The 10-person agency handles roughly 25,000 forms filed yearly from candidates, office holders and lobbyists, and conducts between 140 and 175 investigations a year based solely on complaints and tips. Random audits of campaign finance and public disclosure filings would require at least two more employees, Hayden said after presenting his budget request to a House panel.

Hayden asked the Ways and Means panel for an additional $390,000 from the state’s general fund to fully cover employees’ salaries. Currently, 70 percent of the agency’s total operating budget of $810,000 comes from the fees and fines it collects. Funding the bulk of salaries from those so-called “other funds” creates problems, he said. For example, when legislators gave most state employees a 3 percent salary increase in the current budget, the agency had to come up with most of that on its own.

“It’s not fair to do it that way,” agreed Rep. Gilda Cobb-Hunter, D-Orangeburg.

Legislators in both parties say ethics reform is a top priority this year. Gov.
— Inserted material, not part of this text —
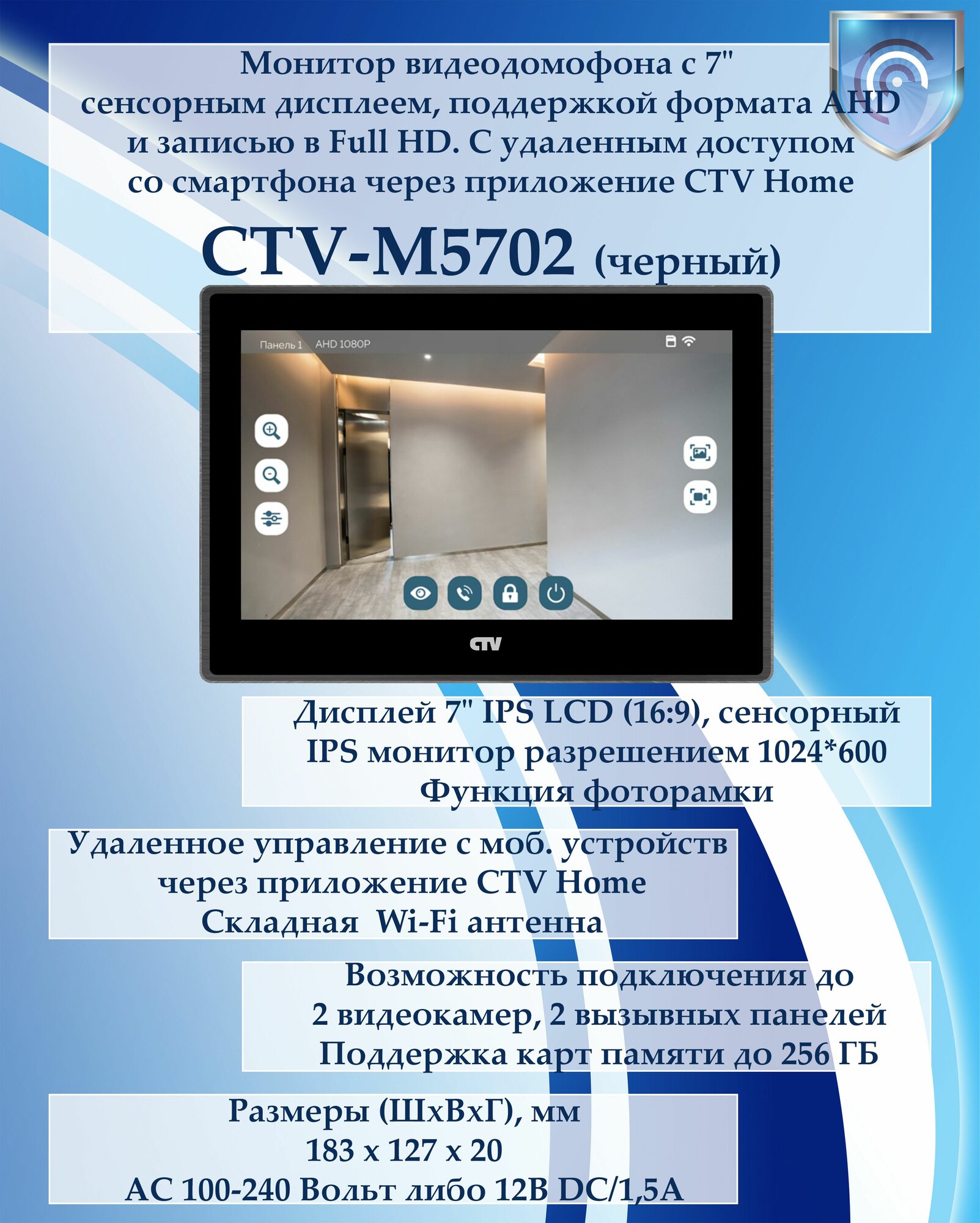 CTV-M5702 (черный) монитор видеодомофона с Wi-Fi и датчиком движения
Nikki Haley is among those who advocate abolishing the House and Senate ethics panels and transferring their duties to the State Ethics Commission.

Currently, the legislative committees handle complaints against their current and former members, while the State Ethics Commission handles complaints against all other elected officials. Critics liken the secretive House and Senate panels to a fox guarding the hen house.

Calls for eliminating them were renewed last year when the House Ethics Committee twice cleared Haley of allegations that she lobbied for two employers while a House member. Haley has said that ordeal prompted her, too, to call for the committees’ end.

Hayden told the three-person House panel Wednesday he had no estimates for what it might cost for his agency to take on additional responsibilities.

For starters, he said, “I don’t know how many complaints y’all receive.”

While Hayden didn’t request money for any potential increase in duties, paying 100 percent of the 10 employees’ salaries from state tax collections would free up money the commission collects from fees, fines and training — as long as the Legislature maintained the agency’s “other funds” spending authorization.

The vast majority of those funds come from lobbying fees and late filing fines, Hayden said.

Subcommittee Chairman Jim Merrill, R-Charleston, said he wants to try again to double the $100 registration fee that each lobbyist pays yearly. The fees paid by South Carolina lobbyists should at least match the Southeastern average, he said.

That idea previously failed in the Senate.

Merrill said he also will push to change how the Ethics Commission’s board members are appointed. Currently, the governor appoints all nine members of the board that oversees the agency, though the Legislature must consent to the governor’s picks. Merrill believes that gives one person too much potential influence.